# EXERCISE OBJECTIVE:
Images do not belong in the copy. Set down all the entries exactly.

# SOURCE RECORDS:
_____

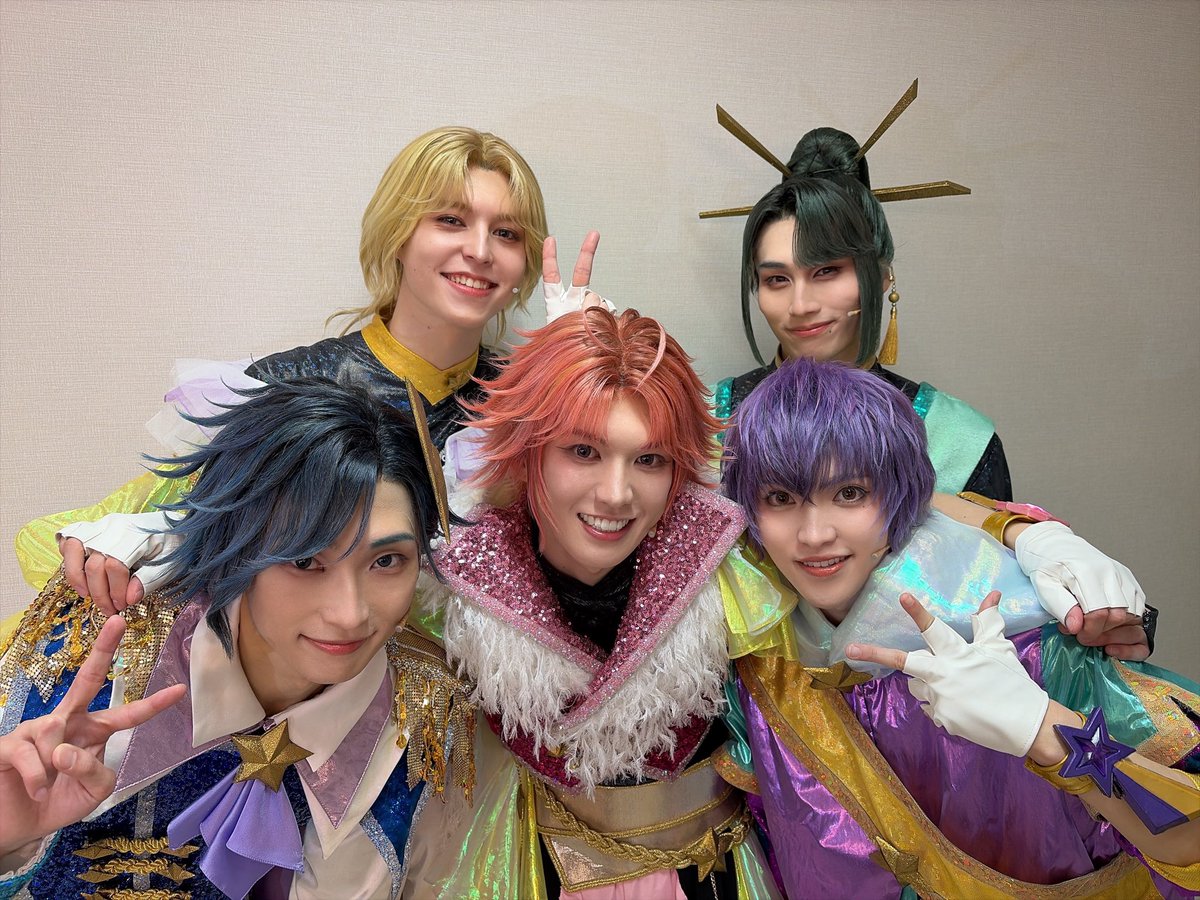 田村升吾 tweet media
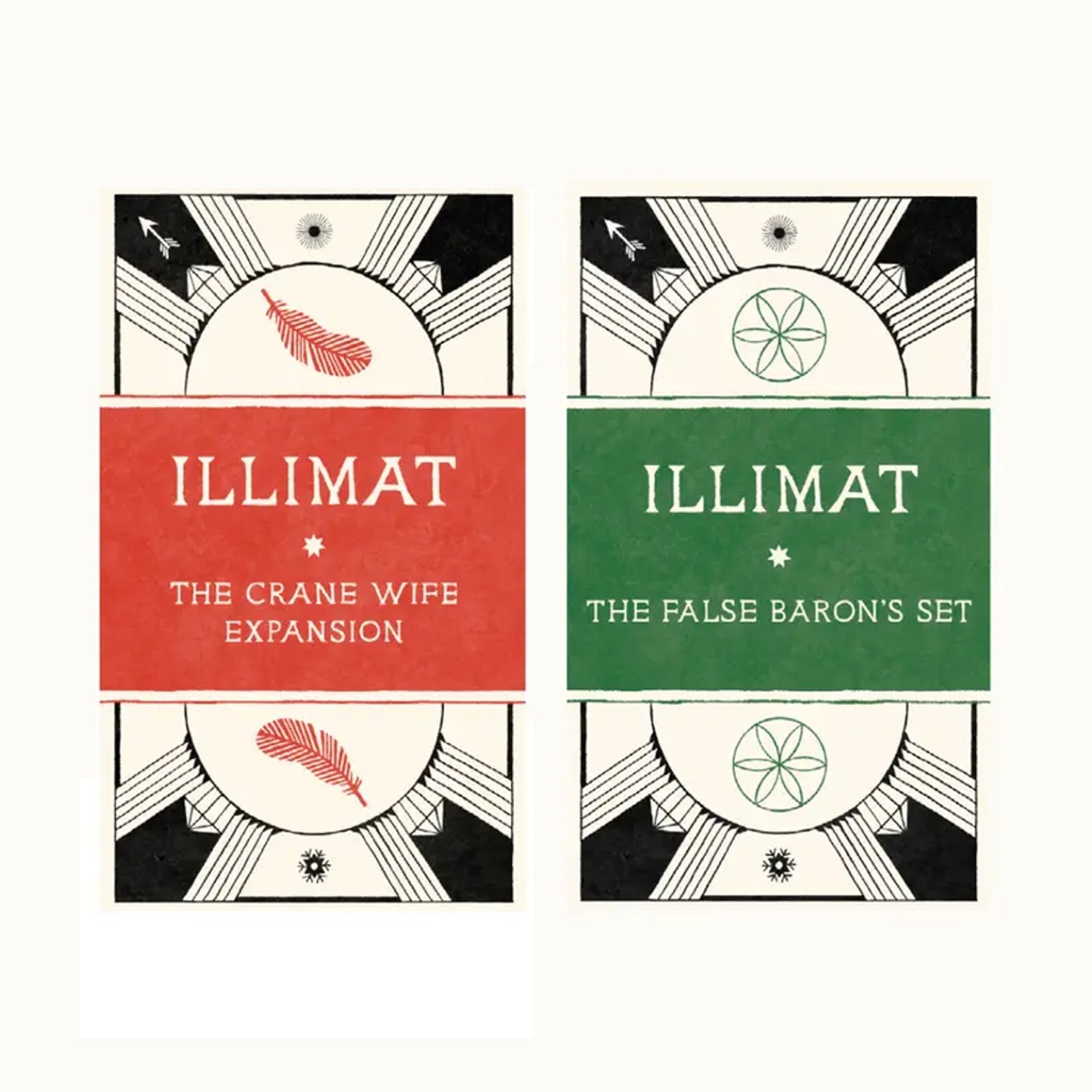 Illimat: Expansion Packs - DIGS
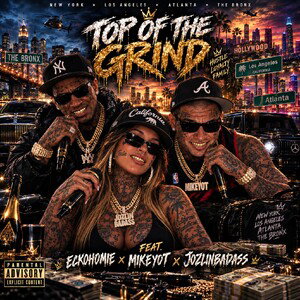 on top of the grind 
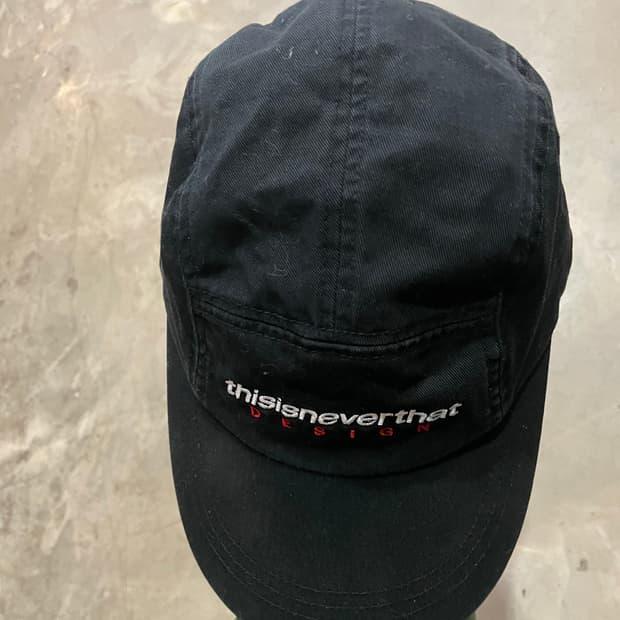 Thisisneverthat 디네댓 캠프캡 7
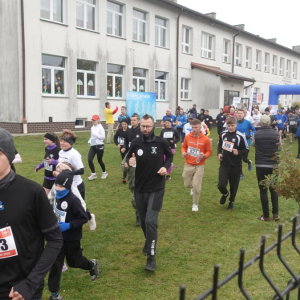 Hospicjathon - fotorelacja z biegu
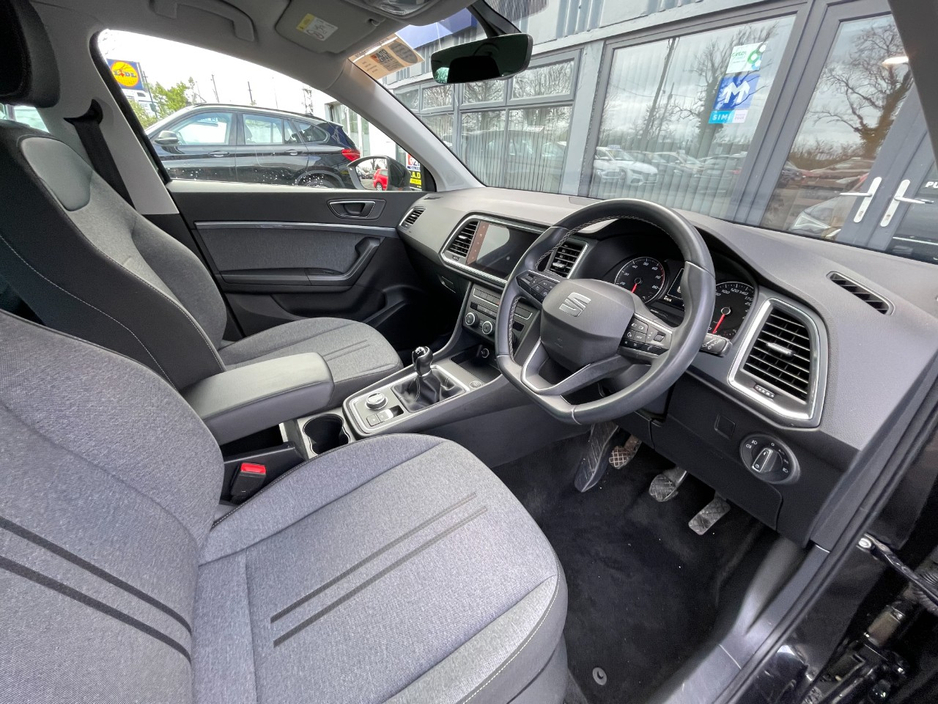 2021 SEAT Ateca - image 7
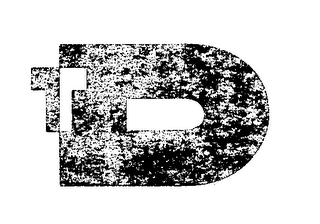 TD logo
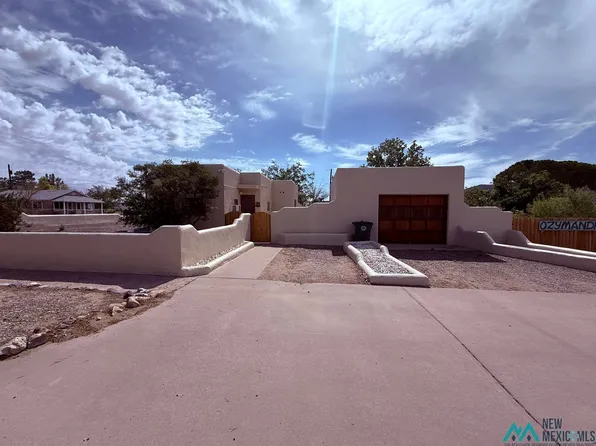518 W 7th Ave, Truth Or Consequences, NM 87901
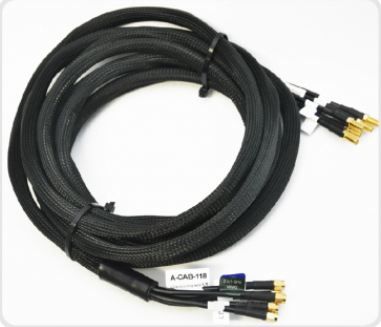 L-A-CAB-124 | Poynting A-CAB-124 - CAB-124 - 1.5 Meter Extension cables for the MIMO 5-in-1 Antennas | A-CAB-124 | Netzwerktechnik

_____

# RESULT OF THIS EXERCISE:
 田村升吾 tweet media
 Illimat: Expansion Packs - DIGS
 on top of the grind 
 Thisisneverthat 디네댓 캠프캡 7
 Hospicjathon - fotorelacja z biegu
 2021 SEAT Ateca - image 7
 TD logo
518 W 7th Ave, Truth Or Consequences, NM 87901
 L-A-CAB-124 | Poynting A-CAB-124 - CAB-124 - 1.5 Meter Extension cables for the MIMO 5-in-1 Antennas | A-CAB-124 | Netzwerktechnik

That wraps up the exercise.